Posted on: 27 April 2016 by Mark Howells
Ryanair’s winter 2016 schedules for both Belfast and Newcastle Airport now include three new twice-weekly routes to Gdansk, Warsaw and Wroclaw.
Newcastle’s 2016 winter schedule, made up of eight routes in total, is estimated to deliver 400,000 customers per year and support 300 jobs at Newcastle International Airport. Belfast’s is aiming to deliver over a million customers per annum and support 750 jobs at Belfast International Airport.Other services in Newcastle’s winter schedule include twice-weekly flights to Lanzarote and Tenerife as well as four weekly flights to Alicante and a twice-daily route to Dublin (both of the latter have had their frequencies increased from 2015).

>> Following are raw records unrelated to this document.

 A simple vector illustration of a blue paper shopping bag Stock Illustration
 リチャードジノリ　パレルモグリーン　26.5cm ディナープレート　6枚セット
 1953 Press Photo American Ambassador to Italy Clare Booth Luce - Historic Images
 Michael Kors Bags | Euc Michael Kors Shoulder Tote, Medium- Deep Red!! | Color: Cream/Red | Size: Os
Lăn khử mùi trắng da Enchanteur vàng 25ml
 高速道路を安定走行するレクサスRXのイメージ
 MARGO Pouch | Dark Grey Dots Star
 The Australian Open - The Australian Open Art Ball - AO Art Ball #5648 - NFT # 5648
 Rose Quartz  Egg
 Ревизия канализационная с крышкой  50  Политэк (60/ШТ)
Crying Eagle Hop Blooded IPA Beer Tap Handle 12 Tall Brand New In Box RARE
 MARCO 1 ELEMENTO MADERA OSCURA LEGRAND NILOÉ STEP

David Laws, CEO of Newcastle International Airport, commented, “We are delighted to see Ryanair continue to build its presence in the region and the announcement of these exciting new city routes is great news for the North East travelling public. Poland is a vibrant country with a host of attractions on offer and we expect these flights to Gdansk, Warsaw and Wroclaw to be extremely popular, offering our passengers even more choice and availability from Newcastle Airport.”
The winter schedule from Belfast will include seven new routes. Flights to Alicante, Lanzarote, Milan and Tenerife will take place twice weekly, while flights to Berlin, Krakow and Malaga will take place thrice weekly. Ryanair will also operate extra daily flights to London Gatwick, operating five return services each day in total.
Belfast International Airport’s managing director, Graham Keddie, averred, “This is more fantastic news from Ryanair. It means that this winter should be one of our busiest ever. Gdansk, Warsaw and Wroclaw follow Krakow and deliver a very comprehensive network to a new and important Polish market.
“We currently stand as the eleventh largest airport in the UK, but I expect that with continuing airline expansion and growth in passenger numbers, we will break into the 'Top Ten' before too long. The airport is delivering real economic benefit for Northern Ireland and that means new employment and business opportunities.
“These new Polish routes are delivered without any government support and show only a fraction of what could be achieved if APD were removed. Despite this ‘headwind’, we’re making great progress and have reason to believe we can maintain the momentum,” Keddie concluded.